Przy okazji Jan Krzysztof Ardanowski wyjawił, że nie tylko z dzikami jest problem. I tu na pojawiły się bobry. Choć nie, precyzyjniej będzie napisać, że bobry "podano na stół". Dlaczego tak? To w Polsce gatunek częściowo chronionym (dopuszcza się jedynie niewielkie redukcje ich liczebności), ale Jan Krzysztof Ardanowski widziałby je w roli zwierząt jadalnych.
- Teraz nie wiadomo, co z tym bobrem zrobić, nawet jakby się go upolowało – mówił minister. Najlepsze zostawił jednak na potem: - A jeszcze jak ludzie sobie przypomną, że płetwa bobra ma ponoć właściwości afrodyzjaków, to się może okazać, że i problem bobrów się niedługo skończy.
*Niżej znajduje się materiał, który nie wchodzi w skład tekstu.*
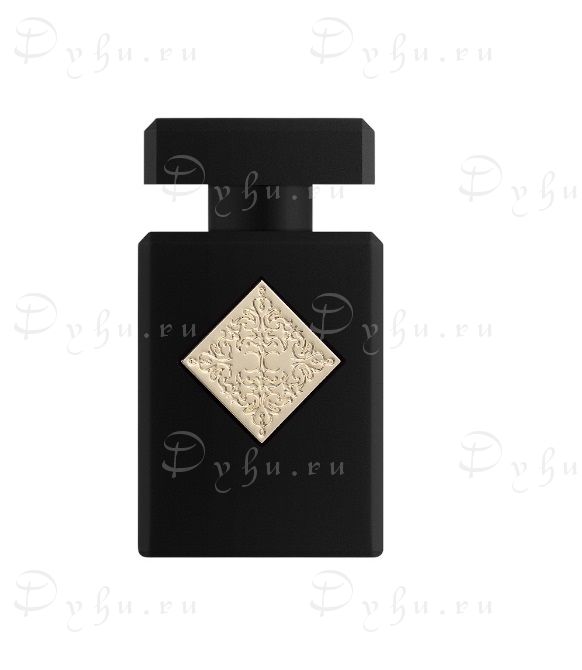 Initio Parfums Prives Narcotic Delight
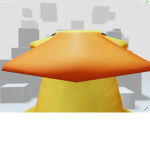 Duck_Cult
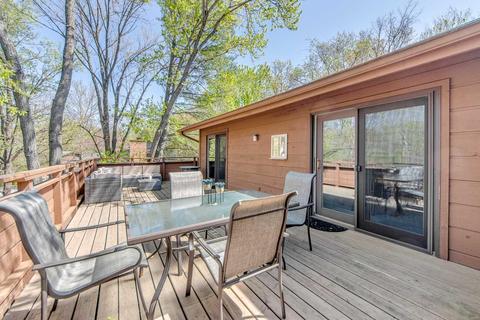 1540 Autumn Leaf, Ballwin, MO 63021 photo 39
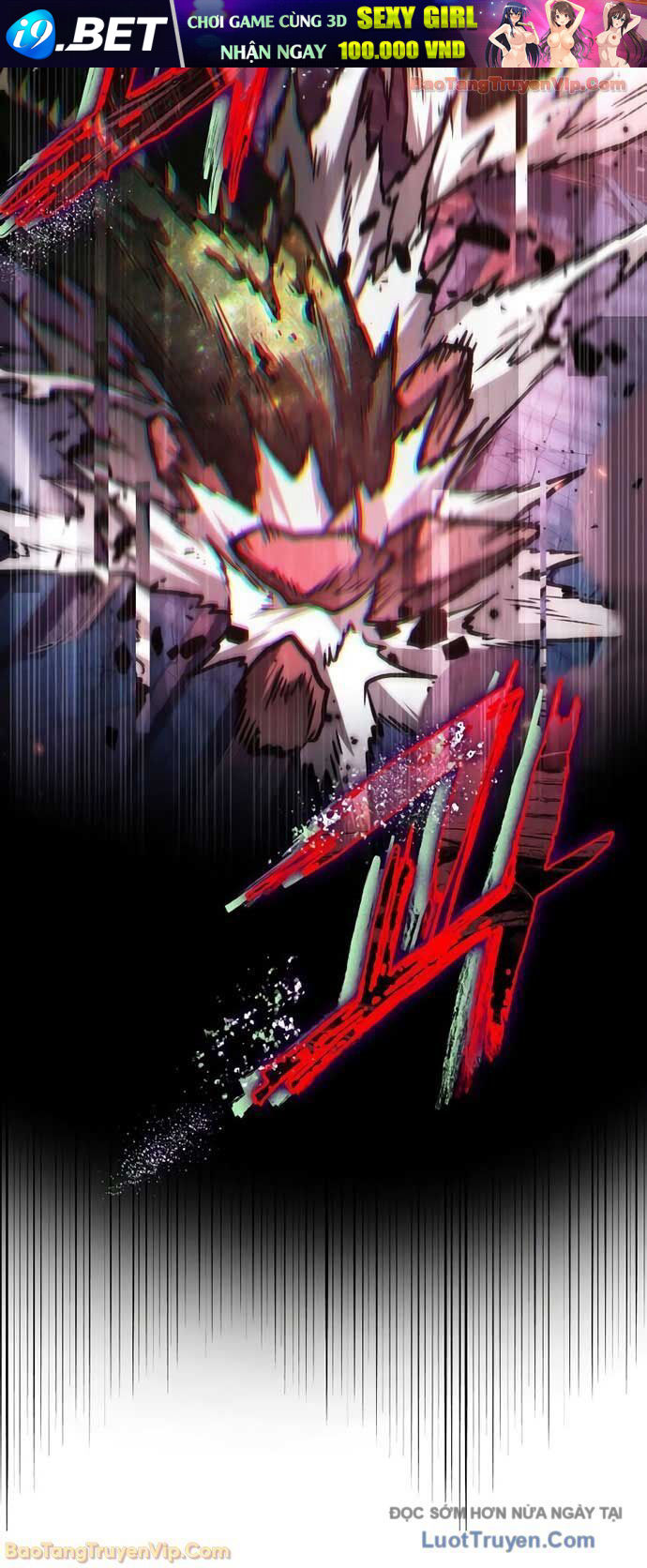 Toàn Trí Độc Giả [Chap 281-290] - Page 56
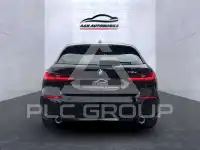 2020 BMW 118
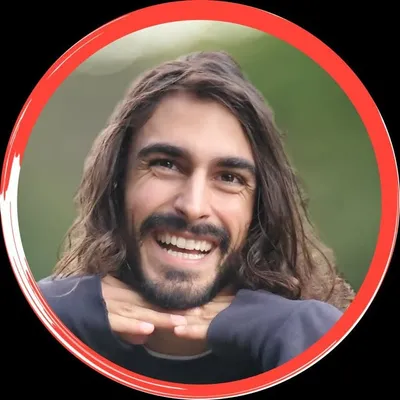 Radoslav Detchev profile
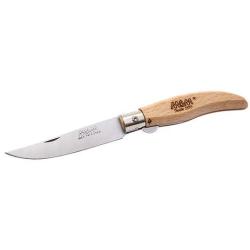 Couteau pliant MAM Iberica H&ecirc;tre
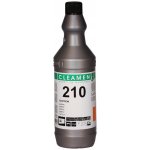 Cleamen 210 gastron 1 l – Zboží Dáma
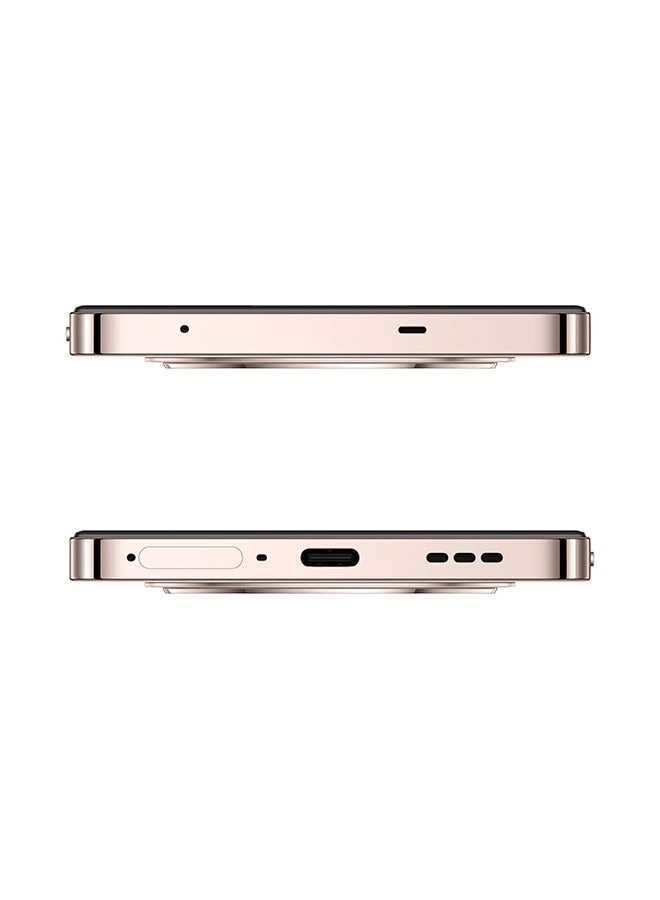 Reno12 F - 12GB 256GB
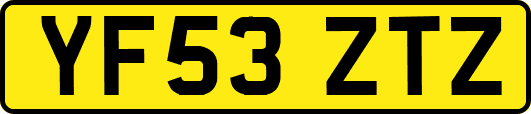 YF53ZTZ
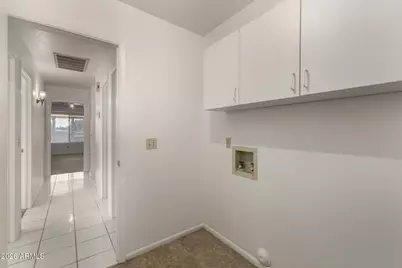 1354 N Platina Street, Mesa, AZ 85205 - Photo 25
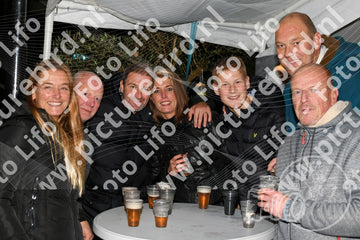 Evenement foto: ZUN 1677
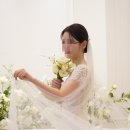 네프헤어 이미지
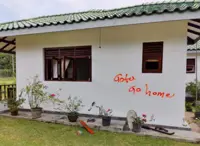 Sri Lanka's Gotabaya Rajapaksa: Civil war victor brought down by protests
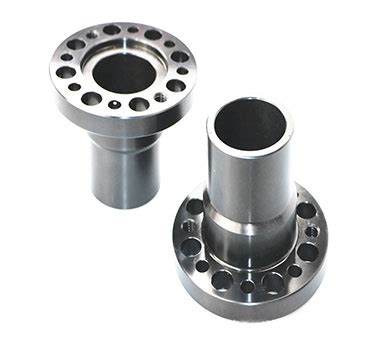 cnc auto parts exporters|as precision cnc.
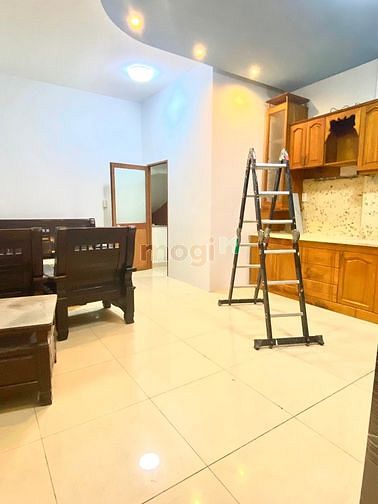 Hình ảnh Thạnh mỹ lợi Q2, phòng mới, 1pn riêng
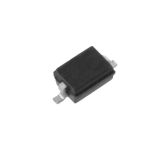 Diode switching, 250V, 0.2A, THT, BAS21HT1G, SOD323
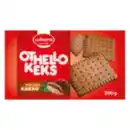 Bild 1 von Wikana Othello Keks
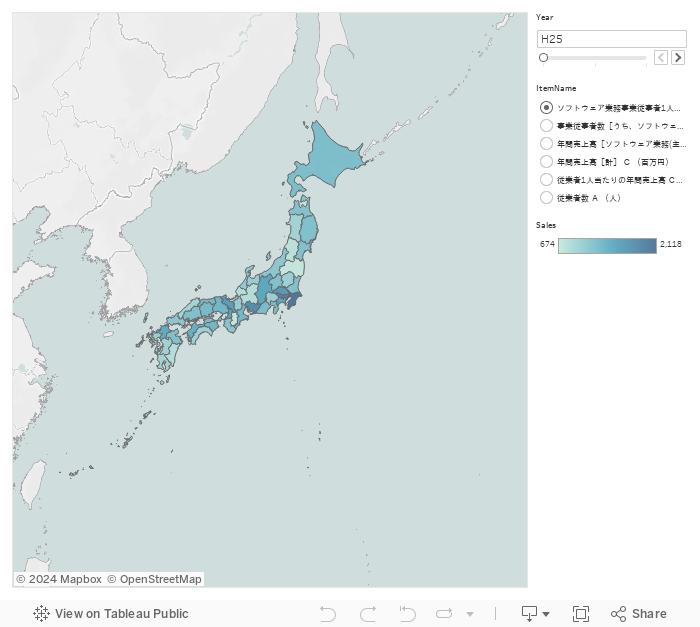 eStatWDC_sample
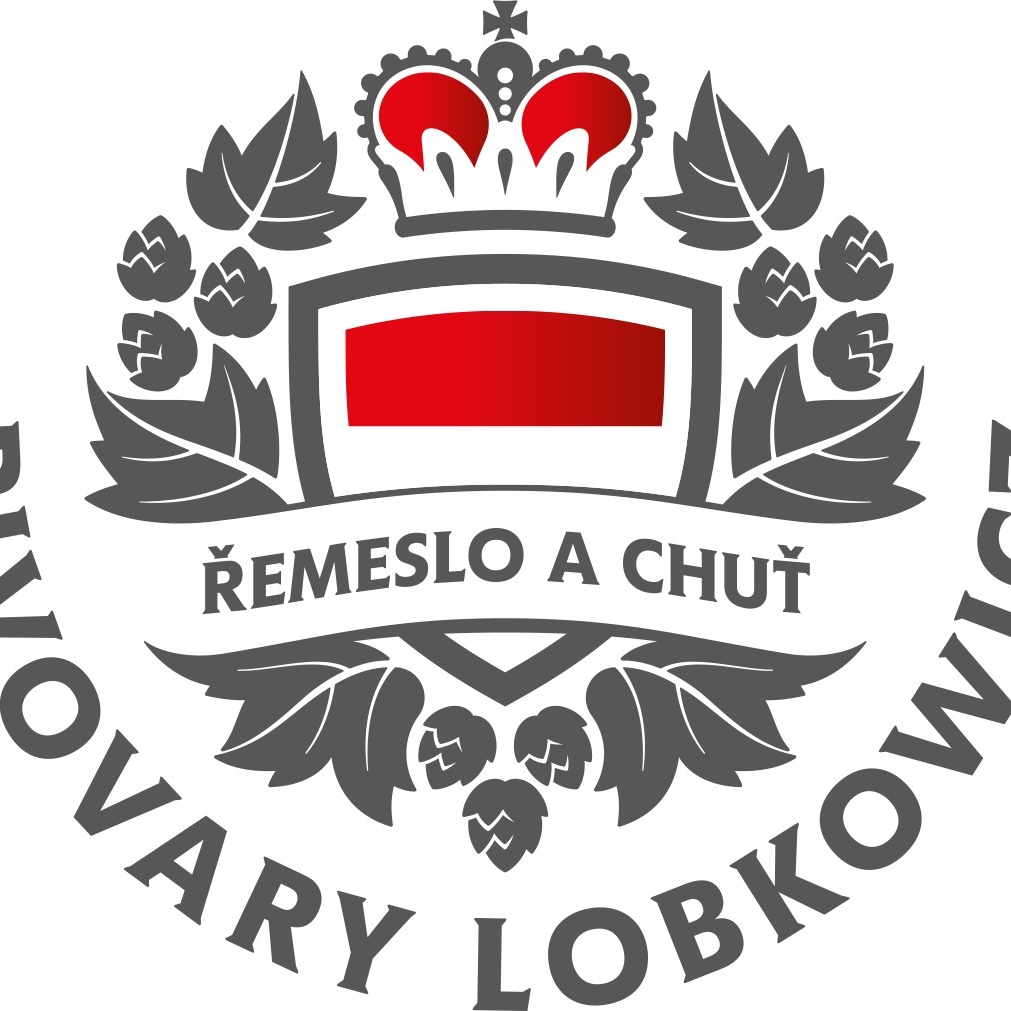 Pivovar Jihlava Velikonoční krasličák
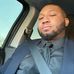 Shannon Epps - Facebook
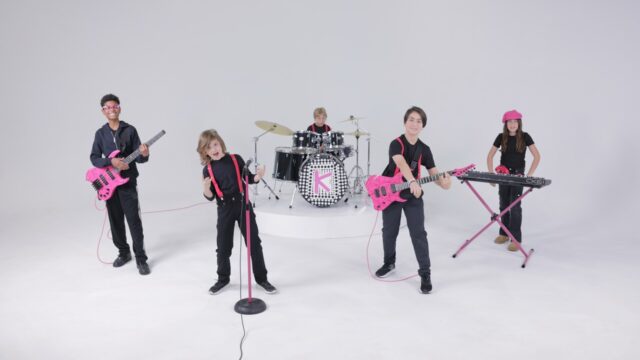 Lakewood's kars4kids banned in california because it only benefits jewish children in new jersey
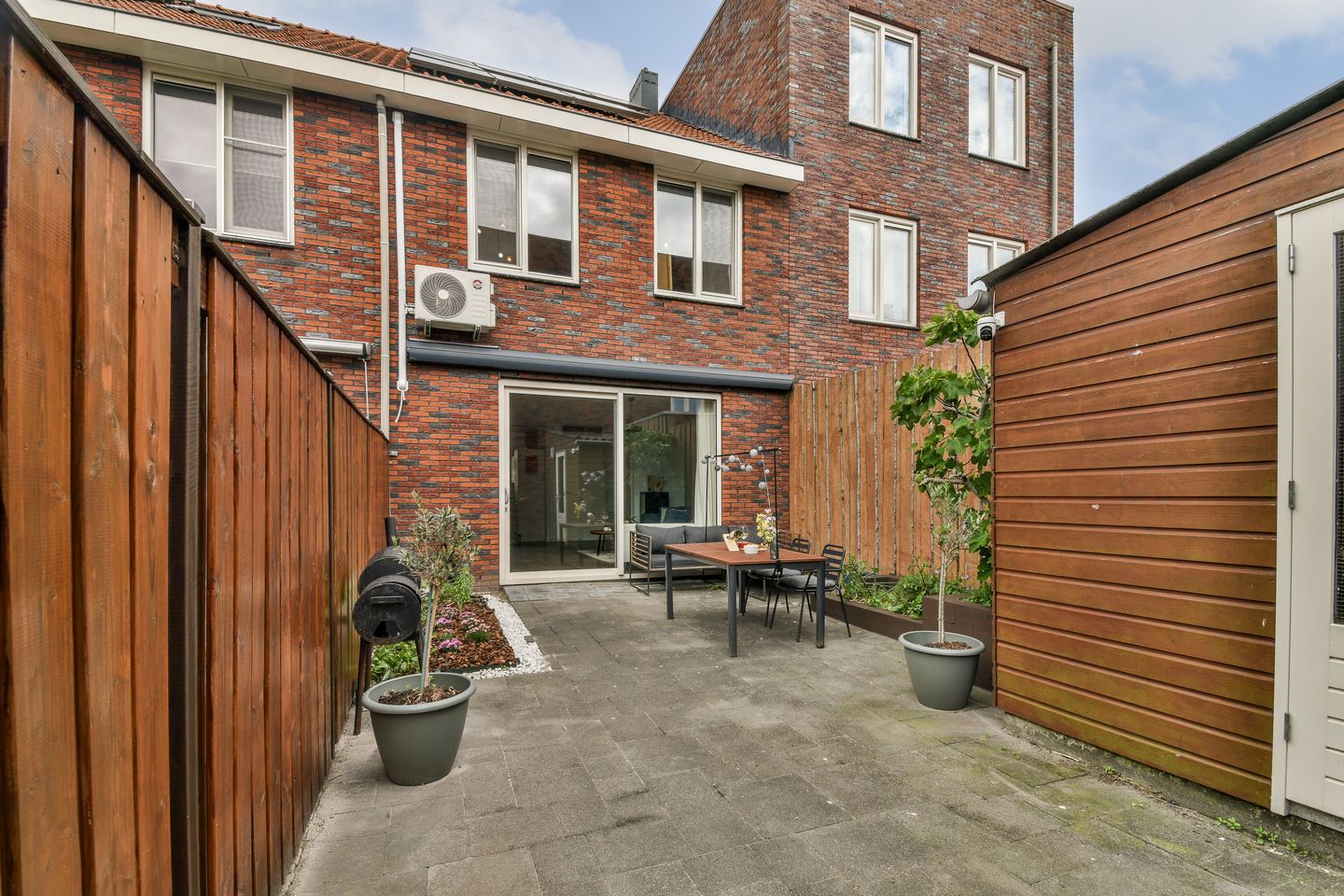 Foto 29 van Tweede Schoolstraat 3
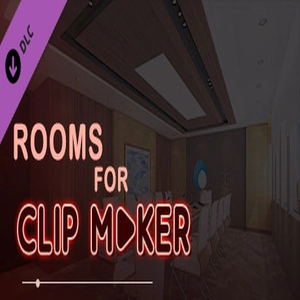 Rooms for Clip maker
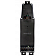 Dorman (OE Solutions) Power Window Switch 901-405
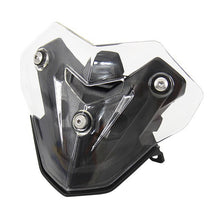 Front Windshield Windscreen Deflector Compatible with BMW F900R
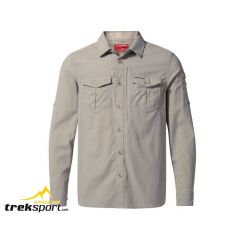 2620206200004_14641_1_me_nosilife_adventure_ls_shirt_parchment_8f15503b.jpg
Reakcje na myśl ministra mogą być różne.
Nosorożce i niedźwiedzie himalajskie westchnęły z ulgą, że nie żyją w Polsce (części ich ciał uznawane są za afrodyzjaki)
Ucieszyła się nowa minister rodziny, pracy i polityki społecznej Bożena Borys-Szopa (efekty mogą być lepsze niż 500+).
Z przerażenia zawyli producenci produktów wiagropodobnych.
Minister zaczął od... ogona
Jan Krzysztof Ardanowski wykazuje się w ogóle niewielka empatią wobec zwierząt. Gdy z podległego ministerstwu instytutu rolnictwa w Falentach wolontariusze z Animal Rescue i OTOZ Animals zabrali kilka cielaków, minister zapowiedział, że naśle na nich prokuraturę. A przecież nie zostały zabrane dla czyjegoś widzimisię, ale dlatego, że dogorywały.
Równie wielką odwagą minister wykazał się wobec stada zdziczałych krów z Deszczna. Początkowo mówił twardo: odstrzelić. Potrzebna była interwencja prezesa PiS, aby zmienił zdanie, bo wola Jarosława Kaczyńskiego przede wszystkim.
Panie ministrze, gdyby w niedalekiej przyszłości w jakikolwiek sposób zaczęła przeszkadzać panu nadmierna populacja kotów na wsiach, niech pan powstrzyma rumaka. Wie pan, jak skończyłaby się dla pana ta historia.
Już się wyzłośliwiłem, teraz całkiem serio. Możliwe, że Jan Krzysztof Ardanowski, ma nieco racji, że odstrzał jest potrzebny. Żeby go przeprowadzić trzeba jednak najpierw dysponować twardymi danymi, a nie wysyłać w pole myśliwych. To takie zaczynanie sprawy, od … ogona bobra.